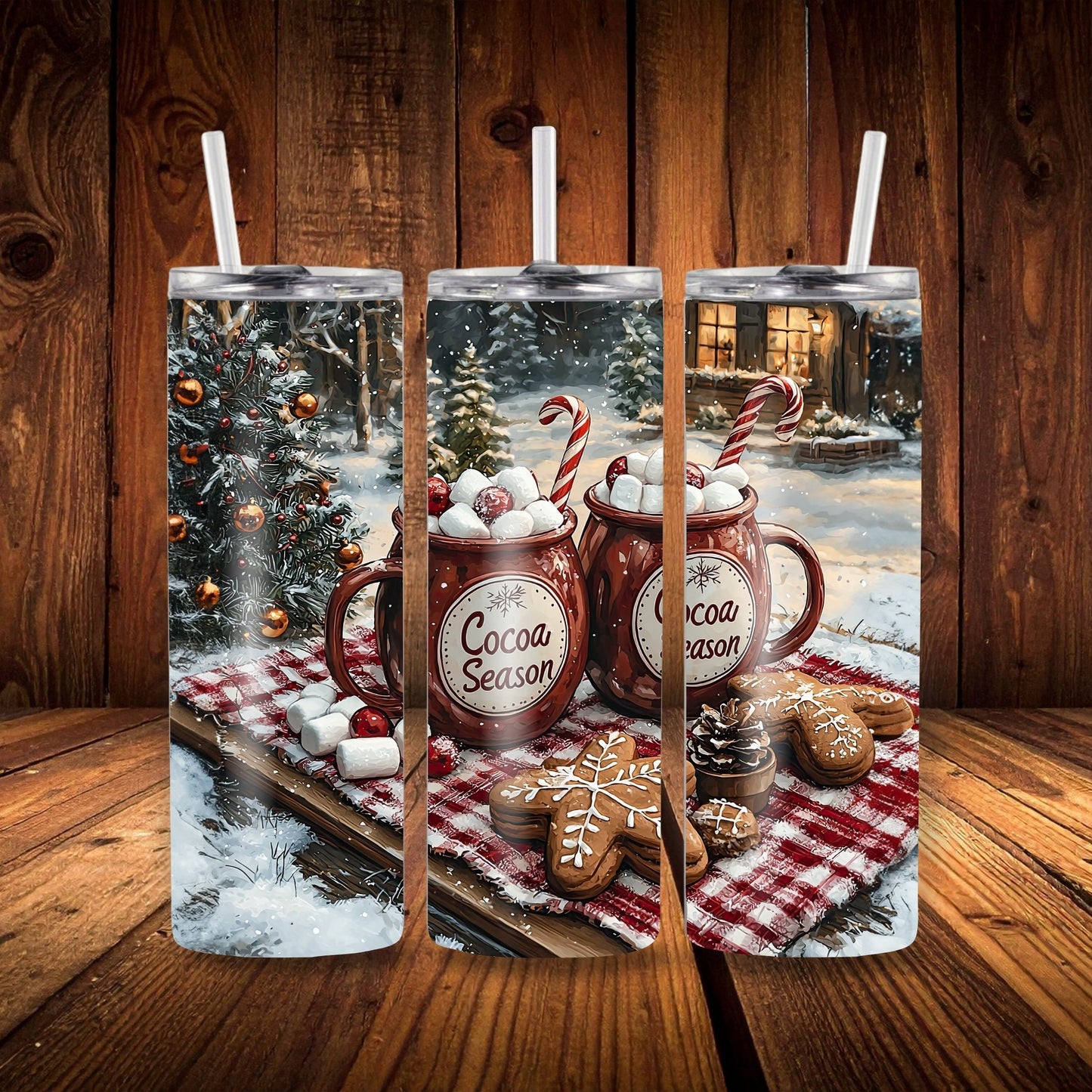 Christmas 20oz Tumblers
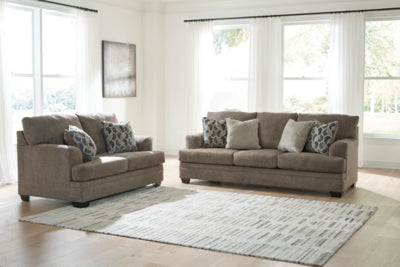 Stonemeade Sofa, Loveseat, Oversized Chair and Ottoman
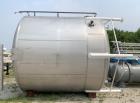 Walker Stainless Equipment, Tank, 8,400 Gallon, Stainless steel,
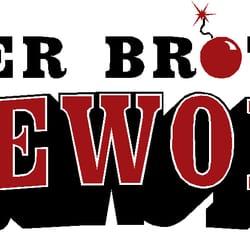 Brothers Firework Logo - Bomber Brothers Fireworks Photo NE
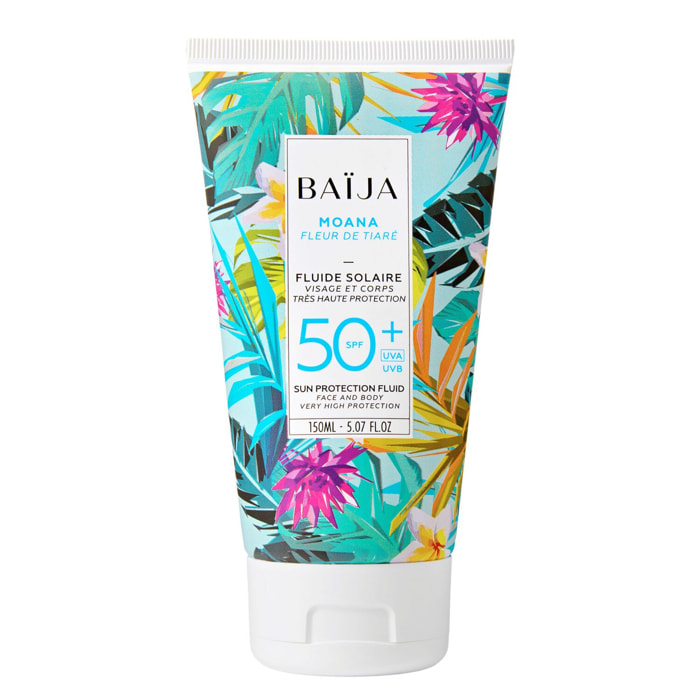 Moana - Fluide Solaire 50+ Visage et Corps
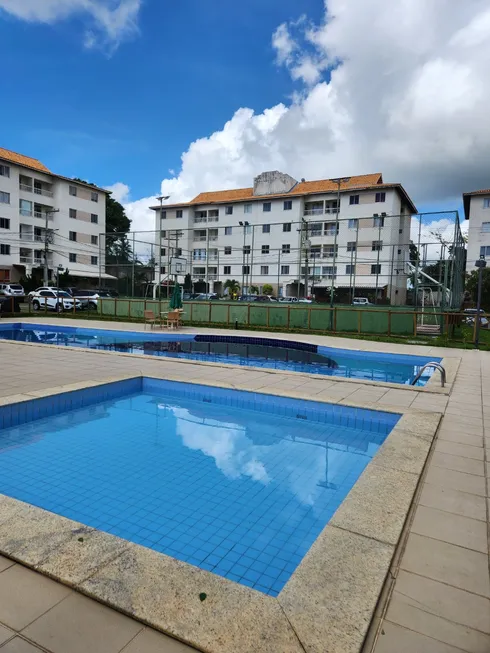 Foto 1 de Apartamento com 3 Quartos à venda, 82m² em Boa Uniao Abrantes, Camaçari
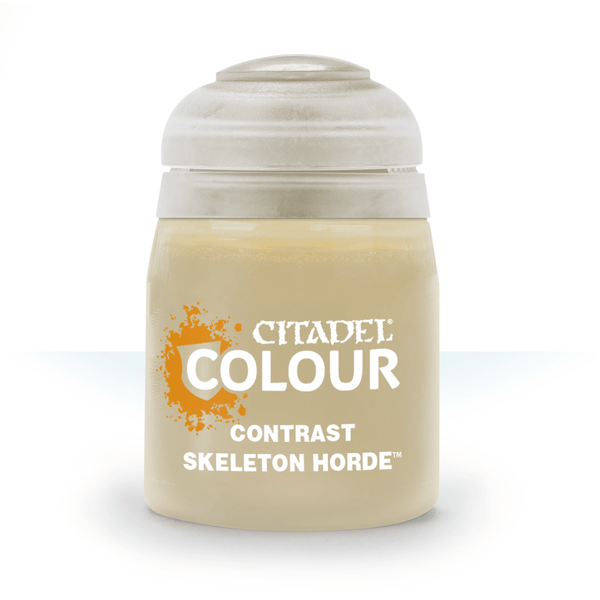 CONTRAST: SKELETON HORDE スケルトン・ホード [ゲームズワークショップ][ミニチュアゲーム]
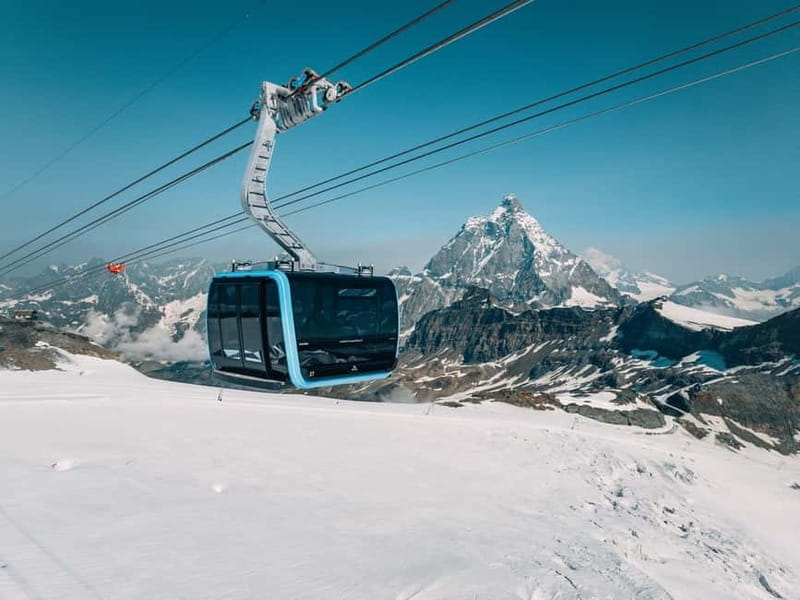 Montreux: Day Tour to Zermatt Matterhorn & Glacier Paradise - Taesch to Zermatt: where the electric shuttle changes the vibe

------------------------------------------------

» **EXERCISE DIRECTIONS**
Please copy only the lines from the one that contains "Brothers Firework Logo" through the last line of the records, exactly, and keep every picture out of the copy.

» **EXERCISE OUTPUT**
 Brothers Firework Logo - Bomber Brothers Fireworks Photo NE
 Moana - Fluide Solaire 50+ Visage et Corps
 Foto 1 de Apartamento com 3 Quartos à venda, 82m² em Boa Uniao Abrantes, Camaçari
 CONTRAST: SKELETON HORDE スケルトン・ホード [ゲームズワークショップ][ミニチュアゲーム]
 Montreux: Day Tour to Zermatt Matterhorn & Glacier Paradise - Taesch to Zermatt: where the electric shuttle changes the vibe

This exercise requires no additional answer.